Aujourd'hui est un grand jour pour réévaluer l'influence des deux romans graphiques de Miller sur l'industrie cinématographique Batman, qui pèse plusieurs milliards de dollars, car c'est aujourd'hui le Batman Day. Batman Day est, bien sûr, une fête entièrement inventée que DC Entertainment a déclarée pour célébrer les 75 ans d'histoire de publication de son toujours lucratif Caped Crusader (ainsi que pour déplacer le produit et créer du buzz avant le San Diego Comic-Con de ce week-end). .

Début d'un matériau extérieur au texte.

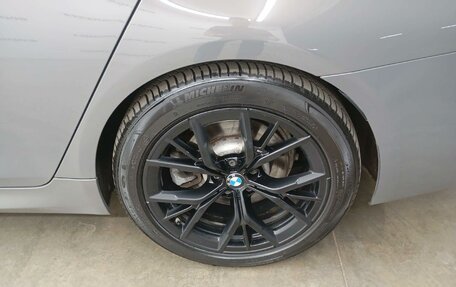 BMW 5 серия, 2021 год, 4 032 290 рублей, 5 фотография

Jetez un oeil àl'annonce initiale du Batman Dayet vous verrez à quel point DC s'appuie sur Miller : il ne mentionne qu'une seule bande dessinée publiée entre 1939 et 2014, et cette bande dessinée estLe retour du chevalier noir. Batman de Frank Miller est toujours le principal ambassadeur entre DC et le monde en général. Et, le plus important,tous les réalisateurs de Batmana rendu hommage aux contes de Miller des années 80. Sa vision sombre et réaliste du vieux Batsy a évincé toutes les autres approches cinématographiques du personnage.
Ce qui était autrefois une innovation est désormais un cliché. Cela fait presque 30 ans, Hollywood. Si vous voulez rester pertinent, vous devez mettre à jour vos inspirations.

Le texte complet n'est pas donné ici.